20 Nov 2017Essay Samples

Wright sought an architecture that responded to nature and human needs. His focus was on harmonizing environment, structure, objects, outfittings, and inhabitants. Wright's design for Broadacre City, like his Usonian houses, first emerged during the 1930s. The Swiss-born Le Corbusier had proposed a "Ville Radieuse" in a 1932 article in the New York Times Magazine. Le Corbusier' s plan was a cluster of high-rises in the midst of large grassy areas.

Wright responded with his own vision in a March 20, 1932, New York Times Magazine article. He called it Broadacre City. Wright also described this plan for a decentralized yet urban America first in 1932 in The Disappearing City. In 1945 he revised and expanded it in When Democracy Builds in 1945, and again revised and expanded it in The Living City in 1958. (Taliesin, 1999) In these utopian visions Wright developed a master plan for ideal communities located away from large cities, viewed by Wright as unfit for human habitation.

Wright combined social ideas and values with concerns about the automobile, communications, electric power, and developing systems in construction, manufacturing, and transportation. While the city never developed into a concrete reality, his design for underground power lines, low-level lighting, well-planned developments, super highways, overpasses, and motels are inherent parts of our life today.

Wright often expressed contempt for 20th century American culture. He understood, however, better than most, the dynamic way in which the automobile would transform the pattern of human living and working and desired to create a life style with his architecture that would maximize the positive potential of that reality. He said, “Everyman's new standard of spacemeasurement . . . is the man seated in his car (Weinstein, 1997)." He loved and bought expensive cars and also designed a few. Under his plan at chosen crossroads, glass-covered markets were located where goods could be bought and sold. Around these markets would be clustered other civic uses and entertainment centers. This vision is reflected in the present day shopping malls.

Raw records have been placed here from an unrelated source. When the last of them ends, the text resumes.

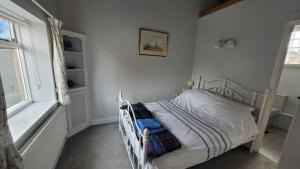 a small bedroom with a bed and a window at Ballygate Stable in Beccles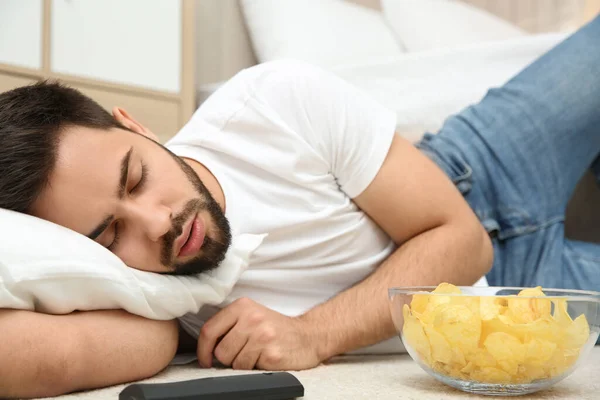 一个懒惰的年轻人 带着一碗薯片和电视遥控器睡在家里的地板上 — 图库照片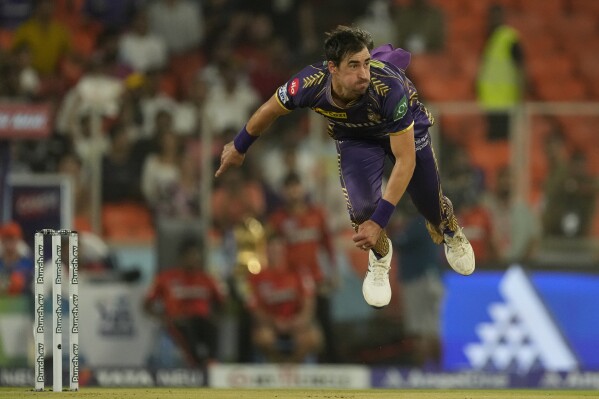 Kolkata Knight Riders' Mitchell Starc bowls a delivery during the Indian Premier League qualifier cricket match between Kolkata Knight Riders and Sunrisers Hyderabad in Ahmedabad, India, Tuesday, May 21, 2024. (AP Photo/Ajit Solanki)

Wright shared with Jefferson a belief in the spiritual benefits of close contact with nature, even if it was just that one acre. This has been a recurring theme in American thought and literature. At the top of an annotated plan for his city, Wright scribbled "minimum of one acre to the family (Sullivan, 1995)." This was to be a low-density development, with a few scattered high-rise buildings (all the structures were of Wrightian design). In the house he built for himself and his family of six children in the garden suburb of Oak Park, he made spaces flow. In his designs for private homes those broad organic spaces with low-slung roofs, overhanging eaves, assemblages of geometric shapes, thrusting decks and horizontal bands of windows became his trademark (Wallch, 1994). His concern was for the harmony between humans, nature, and form.

People were to own their own homes in Broadacre City; there was to be "no landlord or tenant," His heroes were Henry David Thoreau and Ralph Waldo Emerson, and he wanted to reestablish the nuclear family in relation to nature.

In the winter of 1934-35, his apprentices built a model of Broadacre City. Wright frequently updated the model with new elements such as 10 lane highways. Beginning in 1935, a traveling show exhibited the huge 12 x 12 foot model along with models of some projected building types at Rockefeller Center in New York and elsewhere across the country. Currently, it is displayed at Hillside School, at Taliesin.

Broadacre City was built for the automobile, and now many of today's American suburbs depend on it. Broadacre City is only in part reflected in today’s outer-suburban developments, however. He envisioned a self-sufficiency that proved to be impractical; most of those who live in these areas must commute long distances. It remains to be seen if telecommunications will make his original vision more viable.

As today, sometimes money is more powerful than creativity. The designers of American towns were more often businessmen like William J. Levitt (of Levittown fame) rather than visionaries like Frank Lloyd Wright. The 1926 Supreme Court decision in the case of Village of Euclid v. Ambler Realty Company (272 U.S. 365, 71 L.Ed. 303, 47 S.Ct. 114) and the 1924 United States Department of Commerce Standard State Zoning Enabling Act shifted the emphasis away from plans, designs, and urban form to zoning, laws, and land use. Lawyers and planners were to replace designers and engineers as the leading professionals shaping urban growth policy. Walker's influential text (1941) reflected this shift from designs to words.

Frank Lloyd Wright’s vision of Broadacre City may not have come into being in his time and the cracker box houses of cities and suburbia do not uplift human dignity and closeness with nature as he envisioned. The influence that he had on the best of the modern mobile life, however, is great.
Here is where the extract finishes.